Usage¶
Intro¶
Wpull is a command line oriented program much like Wget. It is non-interactive and requires all options to specified on start up. If you are not familiar with Wget, please see the Wikipedia article on Wget.
Example Commands¶
To download the About page of Google.com:
wpull google.com/about
To archive a website:
wpull billy.blogsite.example \
--warc-file blogsite-billy \
--no-check-certificate \
--no-robots --user-agent "InconspiuousWebBrowser/1.0" \
--wait 0.5 --random-wait --waitretry 600 \
--page-requisites --recursive --level inf \
--span-hosts-allow linked-pages,page-requisites \
--escaped-fragment --strip-session-id \
--sitemaps \
--reject-regex "/login\.php" \
--tries 3 --retry-connrefused --retry-dns-error \
--timeout 60 --session-timeout 21600 \
--delete-after --database blogsite-billy.db \
--quiet --output-file blogsite-billy.log
Wpull can also be invoked using:
python3 -m wpull
Stopping & Resuming¶
To gracefully stop Wpull, press CTRL+C (or send SIGINT). Wpull will quit once the current download has finished. To stop immediately, press CTRL+C again (or send SIGTERM).

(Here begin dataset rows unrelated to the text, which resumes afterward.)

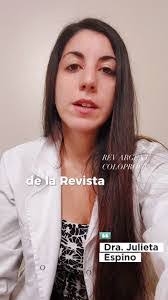 Julieta Espino's Instagram, Twitter & Facebook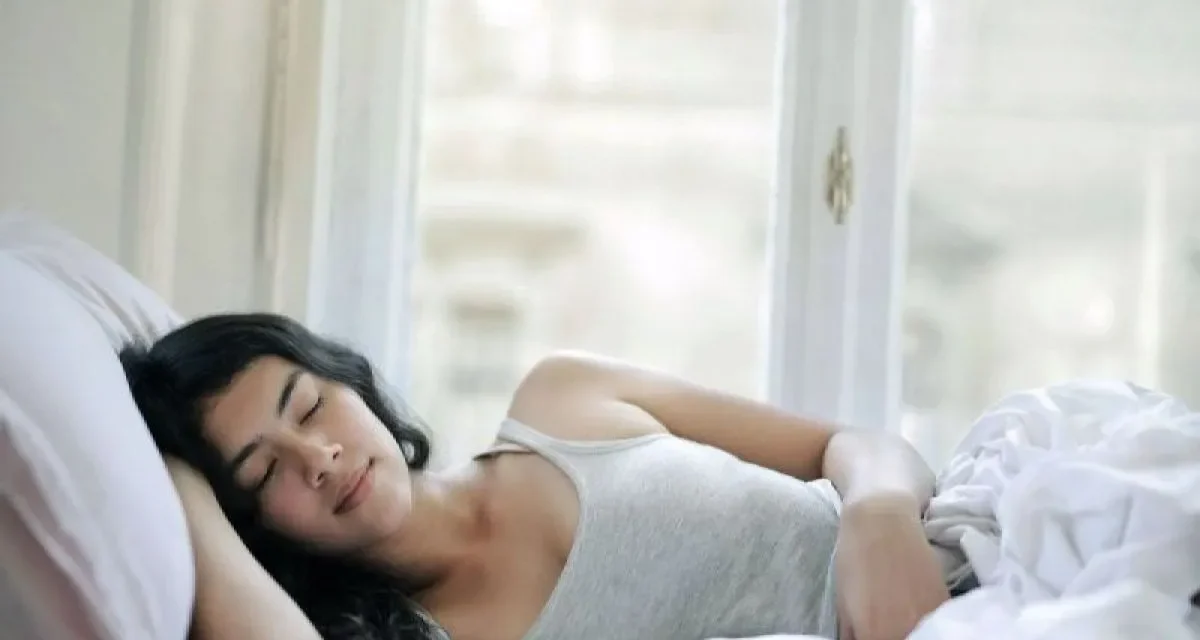 Penelitian Nature Ungkap Durasi Tidur Ideal Kesehatan Organ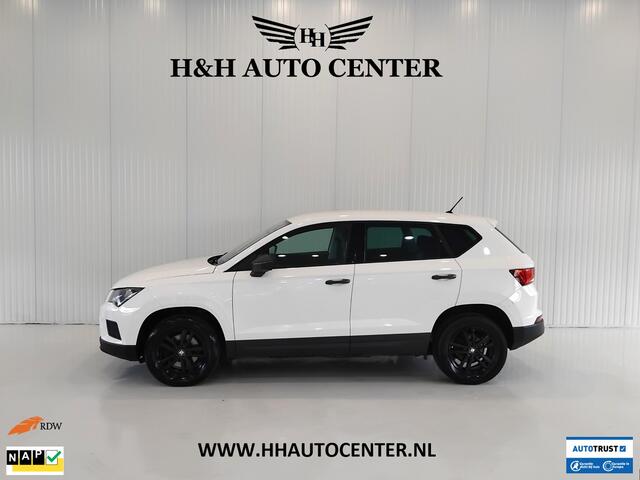 Seat ATECA 1.0 EcoTSI Reference |NAVI|CARPLAY|LM-VELGEN|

If you have used the --database
option, Wpull can reuse the
existing database for resuming crawls. This behavior is different than
--continue
. Resuming with --continue
is intended for resuming
partially downloaded files while --database
is intended for resuming
partial crawls.
To resume a crawl provided you have used --database
, simply reuse
the same command options from the previous run. This will maintain the
same behavior as the previous run. You may also tweak the options, for
example, limit the recursion depth.
Note
When resuming downloads with --warc-file
and
--database
, Wpull will overwrite the WARC file by default. This
occurs because Wpull simply maintains a list of URLs that are
fetched and not fetched. You should either rename the existing
file manually or use the additional option --warc-append
or
move the files --warc-move
.
Proxied Services¶
Wpull is able to use an HTTP proxy server to capture traffic from third-party programs such as PhantomJS.
The requests will go through the proxy to Wpull’s HTTP client (which can be recorded with --warc-file
).
Warning
Wpull uses the HTTP proxy insecurely on localhost.
It is possible for another user, on the same machine as Wpull, to send bogus requests to the HTTP proxy. Wpull, however, does not expose the HTTP proxy outside to the net by default.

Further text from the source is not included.